Il fatto che l’intelligenza artificiale crei o distrugga valore per un’organizzazione dipende più dalle decisioni istituzionali prese in risposta ad essa che dalla tecnologia in sé: questa è la tesi centrale di Carl Benedikt Frey, professore associato di Intelligenza Artificiale e Lavoro presso la cattedra Dieter Schwarz dell’Università di Oxford, le cui ricerche sul mercato del lavoro e sulla storia economica forniscono ai leader il quadro di riferimento per agire di conseguenza.
Full Profile
Perché le organizzazioni collaborano con Carl Frey
- L'articolo del 2013 scritto da Frey in collaborazione con Michael Osborne – in cui si stima che il 47% dei posti di lavoro negli Stati Uniti sia a rischio a causa dell'automazione – è uno dei lavori più citati nelle scienze sociali degli ultimi due decenni, con una metodologia adottata dal Consiglio dei consulenti economici di Obama, dalla Banca Mondiale e dalla Banca d'Inghilterra. Nessun altro relatore in questo ambito apporta alla discussione un tale livello di autorevolezza intellettuale.
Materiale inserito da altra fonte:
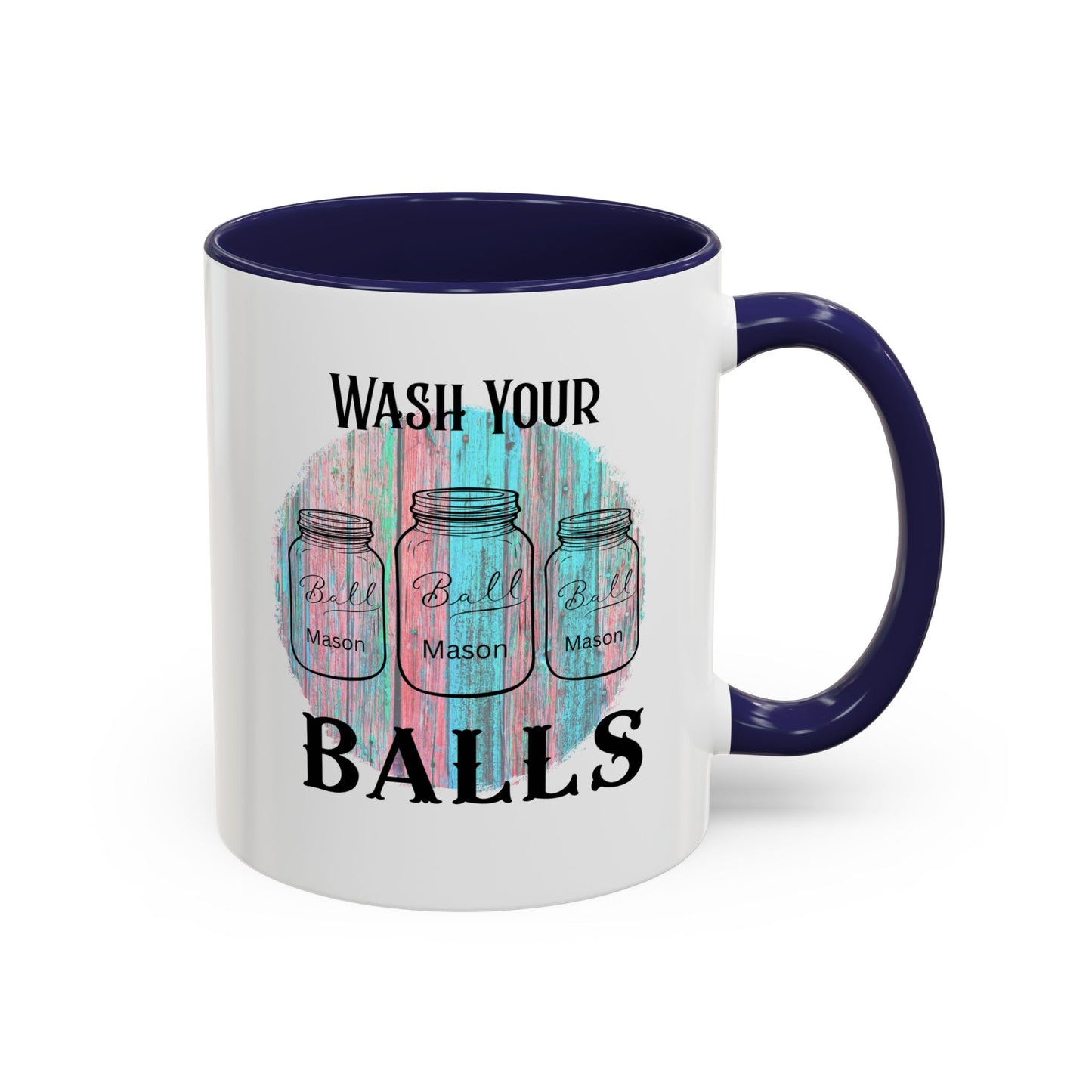 "Wash Your Balls" Funny Accent Coffee Mug - Wash Your Balls Humor Gift for Him, Unique Kitchen Decor, Gag Gift for Friends, Coffee Lovers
- Il suo concetto di "trappola tecnologica" fornisce ai consigli di amministrazione un meccanismo ben definito per diagnosticare la propria risposta istituzionale all'IA: il modello secondo cui gli sforzi per resistere alle perturbazioni a breve termine negano alle organizzazioni i guadagni a lungo termine resi possibili dalla tecnologia.
- How Progress Ends (Princeton, 2025) affronta la questione che ora è in cima all’agenda della maggior parte dei consigli di amministrazione – perché alcune organizzazioni e nazioni mantengono la capacità di trarre beneficio dalle nuove tecnologie mentre altre ristagnano – e fornisce ai leader senior una risposta duratura e storicamente fondata piuttosto che una previsione.
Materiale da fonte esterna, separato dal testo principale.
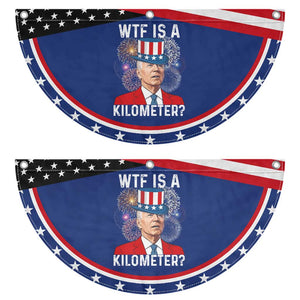 WTF is A Kilometer Patriotic Fan Flag Funny 4th of July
- La sua analisi si basa su 1.000 anni di storia economica, non sull'estrapolazione delle tendenze attuali. Ciò significa che il quadro di riferimento che offre sopravvive alla prossima ondata di annunci sull'IA, anziché diventare obsoleto con il rilascio di ogni nuovo modello.
- Grazie ai ruoli di consulenza ricoperti presso il G20, l'OCSE, la Commissione Europea e il Partenariato Globale dell'OCSE sull'Intelligenza Artificiale, apporta una competenza in materia di regolamentazione e politiche che manca alla maggior parte dei relatori accademici: le organizzazioni comprendono non solo la tecnologia, ma anche il contesto di governance che si sta formando attorno ad essa.
Punti salienti della biografia
- Dieter Schwarz Professore associato di IA e lavoro, Oxford Internet Institute; membro del Mansfield College; direttore del programma Future of Work, Oxford Martin School, Università di Oxford
- Coautore di "The Future of Employment" (2013, con Michael Osborne) – uno degli articoli di scienze sociali più citati degli ultimi due decenni; oltre 20.000 citazioni su Google Scholar; metodologia adottata dal Consiglio dei Consulenti Economici di Obama, dalla Banca Mondiale e dalla Banca d'Inghilterra
- Autore di The Technology Trap (Princeton University Press, 2019) – tra i migliori libri dell'anno secondo il Financial Times; vincitore del Premio Richard A. Lester per il miglior libro in materia di relazioni industriali ed economia del lavoro (Università di Princeton)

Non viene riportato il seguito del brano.